(Beginning of Input material)

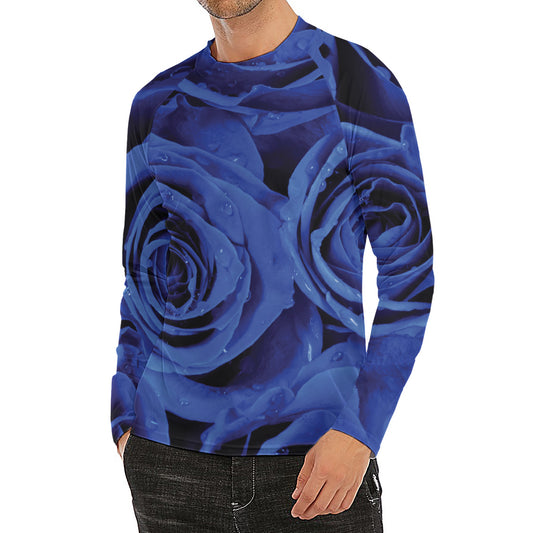 Royal Blue Rose Print Men's Long Sleeve Rash Guard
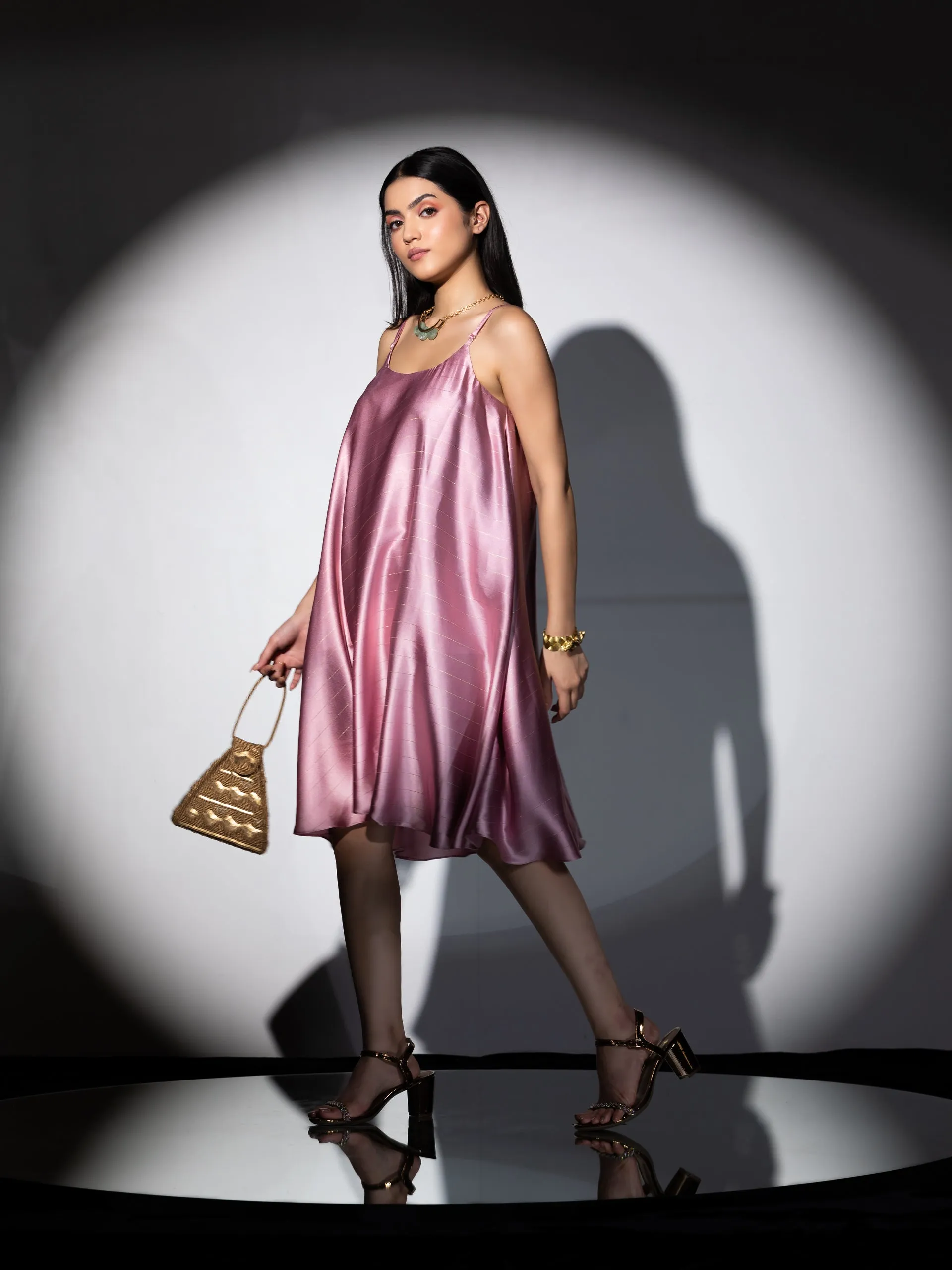 1pc. | Pink Stripe Spaghetti Satin Dress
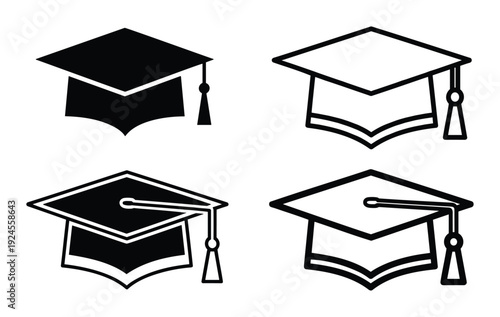 Four graduation caps illustration in black and white styles, academic mortarboards with tassels, degree symbols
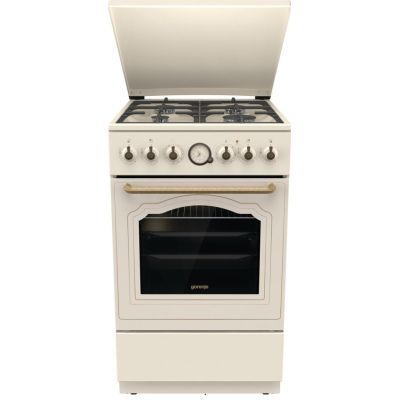 3. GORENJE GKS5B70CLI Retro-Gasherd mit Elektrofunktion | AirFry | Konvektion | AquaClean | Creme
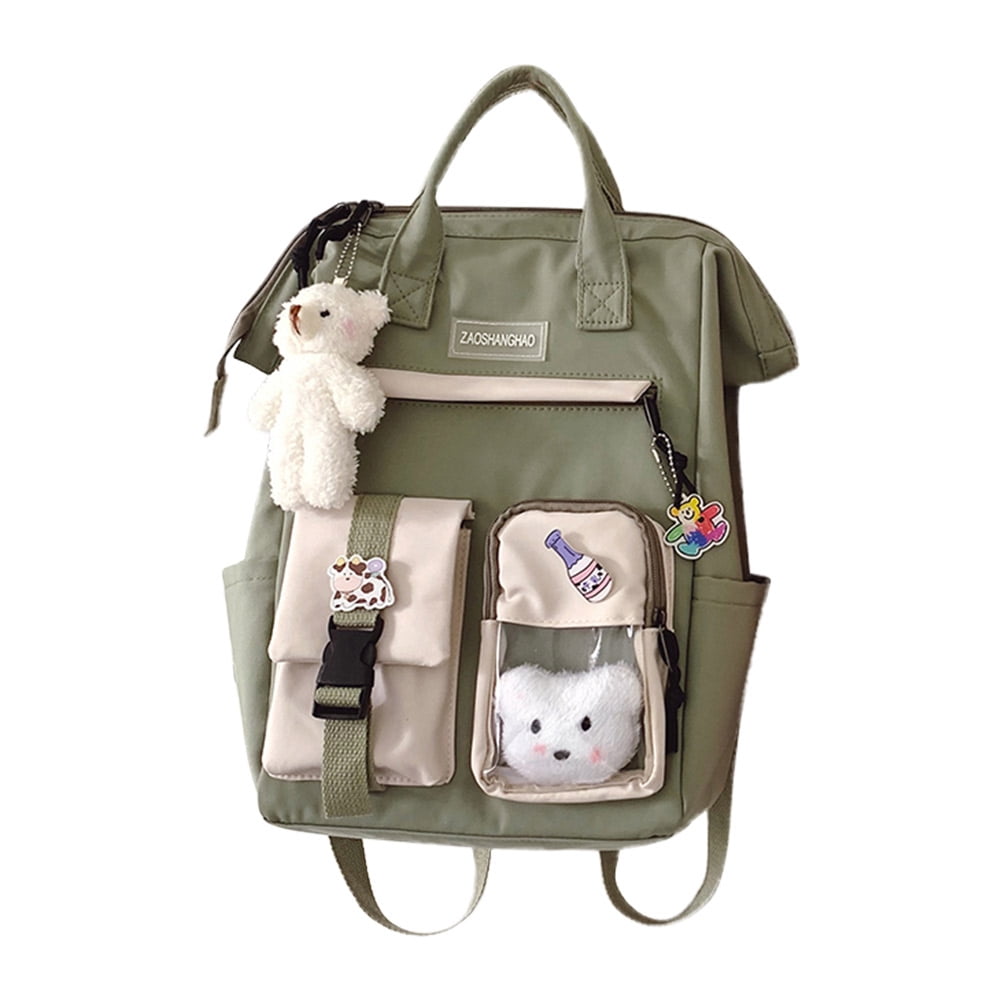 Kingzram Kawaii School Backpack, Cute Nylon Backpacks with Bear Plush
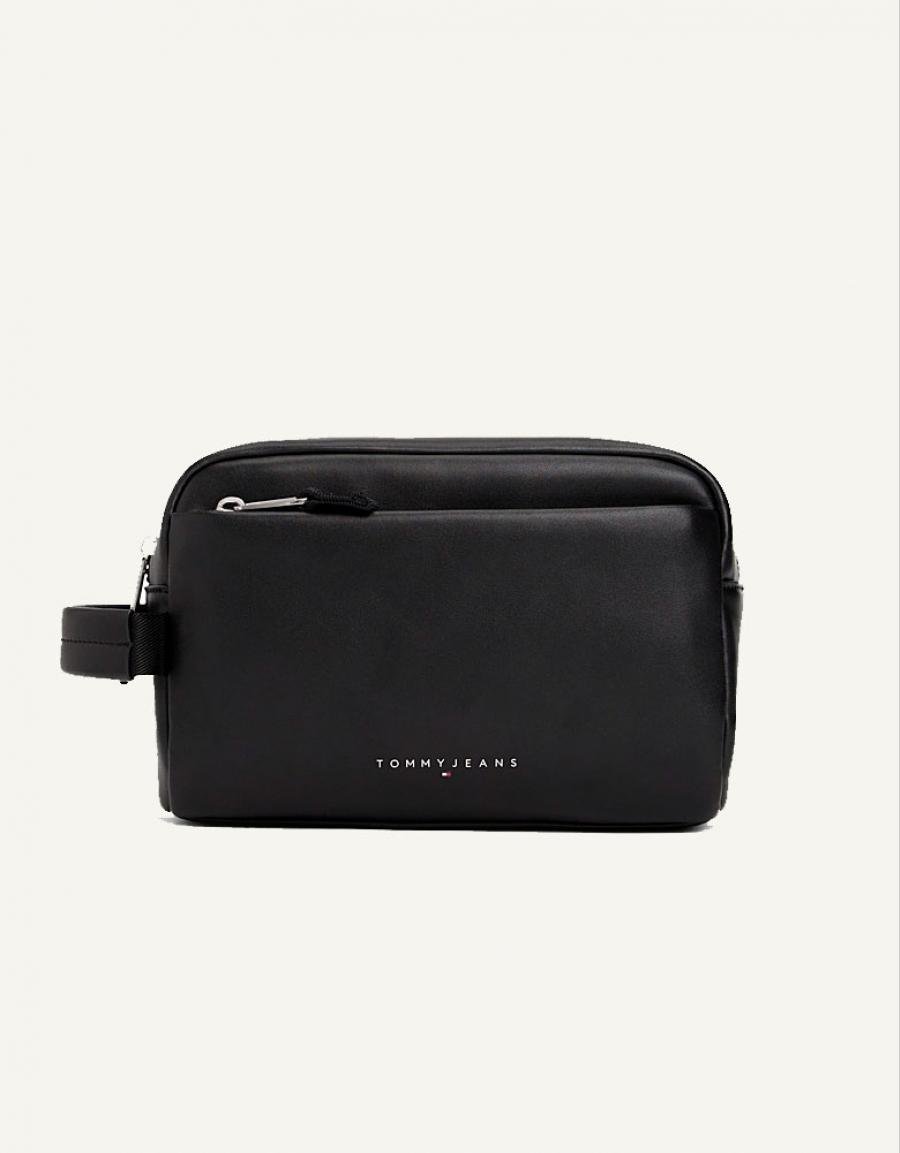 NECESER TOMMY HILFIGER TJM LINEAR LEATHER WASHBAG en color Negro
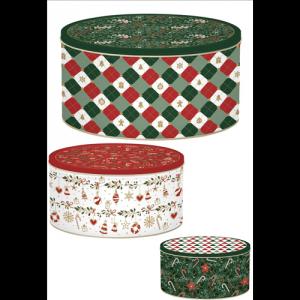 R2S.099FACH Fémdoboz 3 db-os szett kerek,20x8,5/17x8/13,5x6,5cm, Fancy Christmas, Coffee Mania
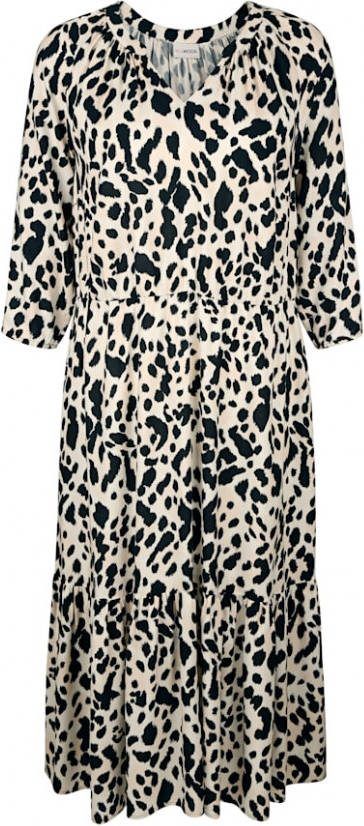 MIAMODA Jurk met trendy animalprint Zwart/Wit/Beige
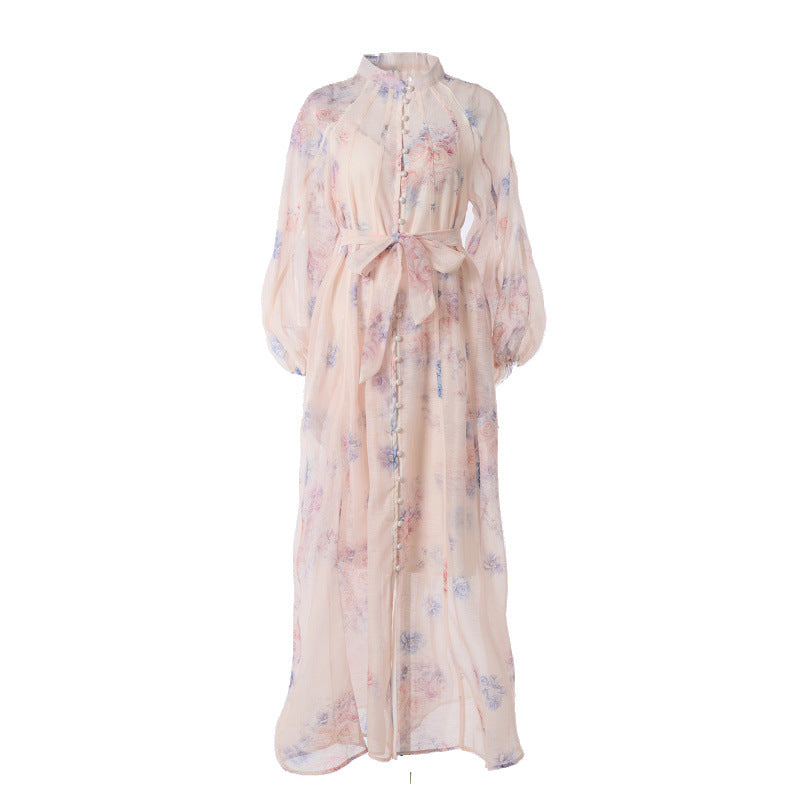 Sheer Floral Belted Maxi Dress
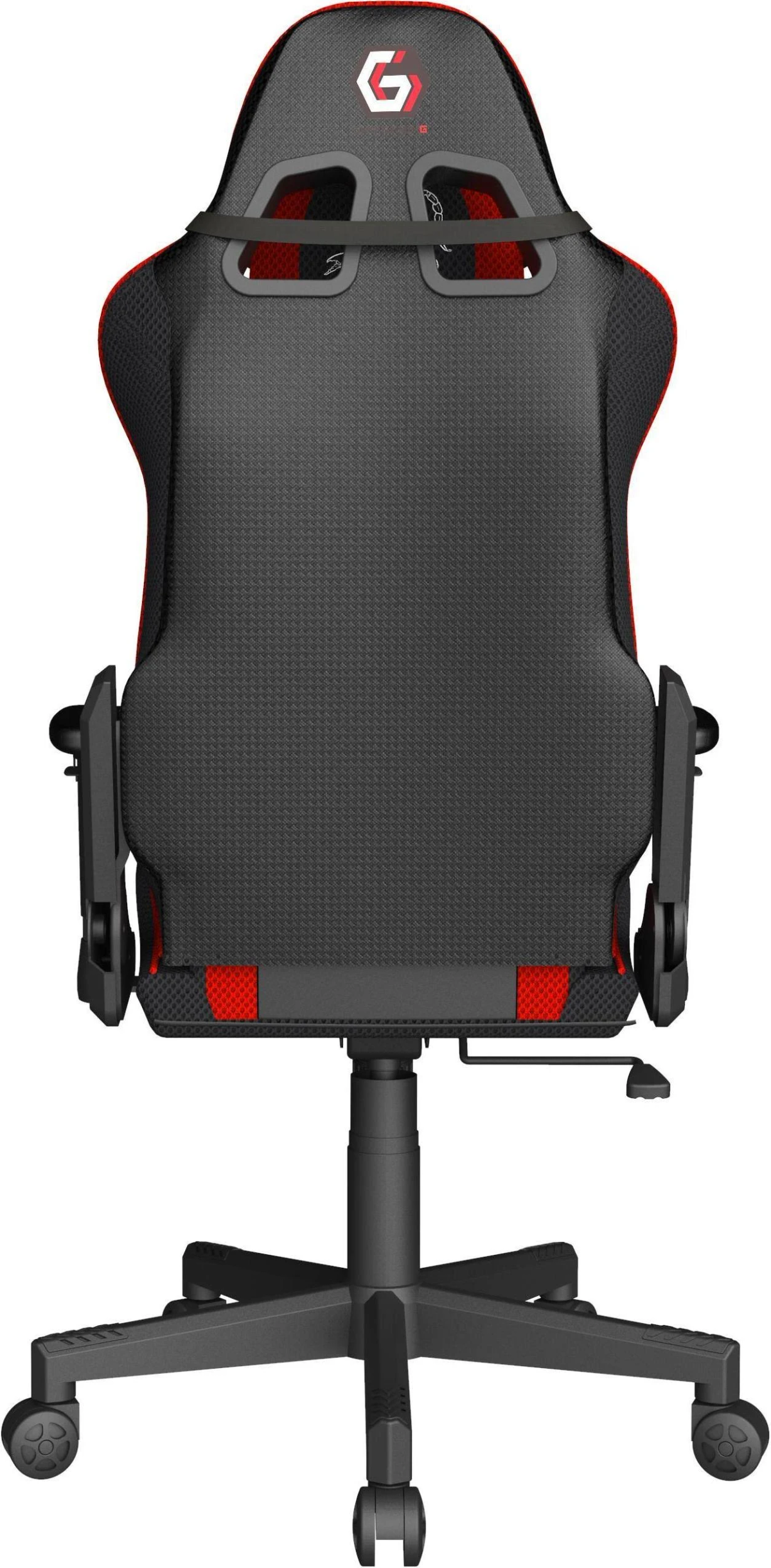 Ein schwarz-roter Gaming-Stuhl von hinten gesehen. Der Stuhl hat eine Netzrückenlehne und rote Akzente.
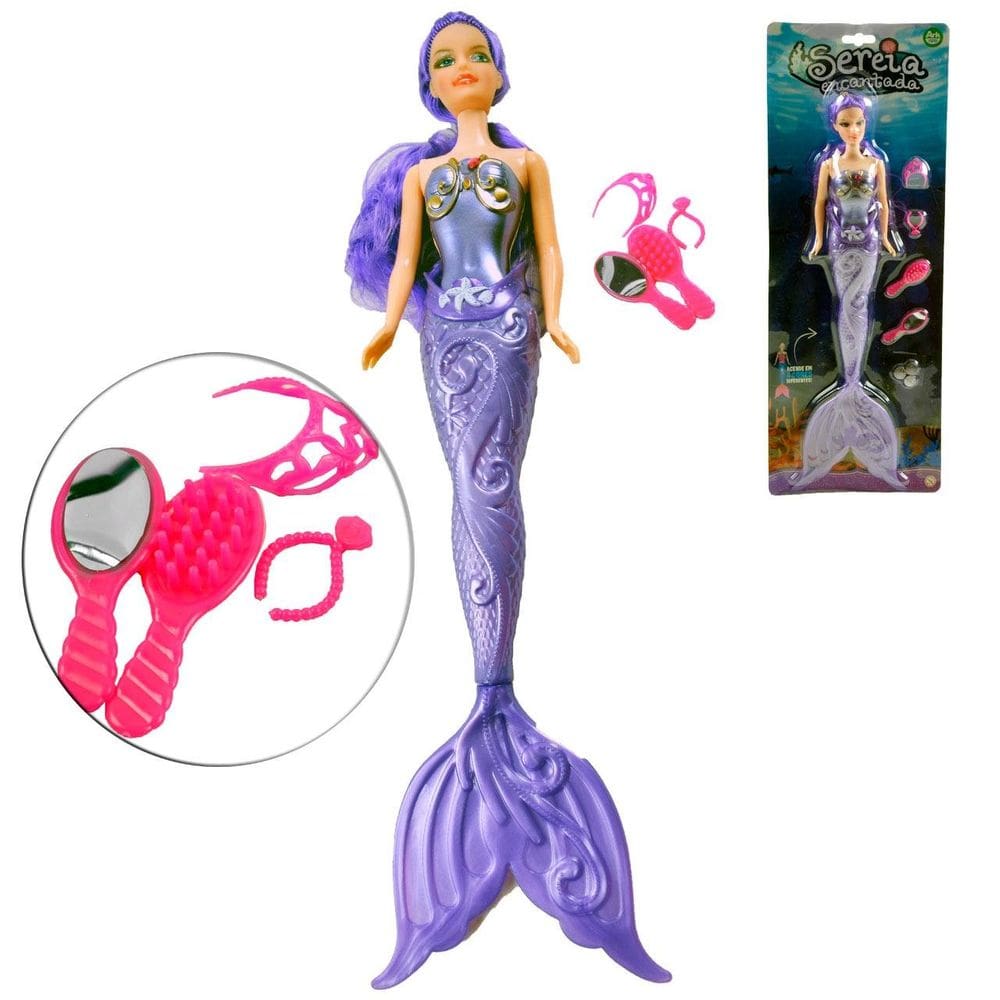 Boneca Sereia com Acessórios LUZ 5 Peças Encantada - Tudo em Caixa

(End of Input material)

# What this task involves
Please print each of the records word for word, keeping the pictures out.

# Solution to this problem
 Royal Blue Rose Print Men's Long Sleeve Rash Guard
 1pc. | Pink Stripe Spaghetti Satin Dress
 Four graduation caps illustration in black and white styles, academic mortarboards with tassels, degree symbols
 3. GORENJE GKS5B70CLI Retro-Gasherd mit Elektrofunktion | AirFry | Konvektion | AquaClean | Creme
 Kingzram Kawaii School Backpack, Cute Nylon Backpacks with Bear Plush
 NECESER TOMMY HILFIGER TJM LINEAR LEATHER WASHBAG en color Negro
 R2S.099FACH Fémdoboz 3 db-os szett kerek,20x8,5/17x8/13,5x6,5cm, Fancy Christmas, Coffee Mania
 MIAMODA Jurk met trendy animalprint Zwart/Wit/Beige
 Sheer Floral Belted Maxi Dress
 Ein schwarz-roter Gaming-Stuhl von hinten gesehen. Der Stuhl hat eine Netzrückenlehne und rote Akzente.
 Boneca Sereia com Acessórios LUZ 5 Peças Encantada - Tudo em Caixa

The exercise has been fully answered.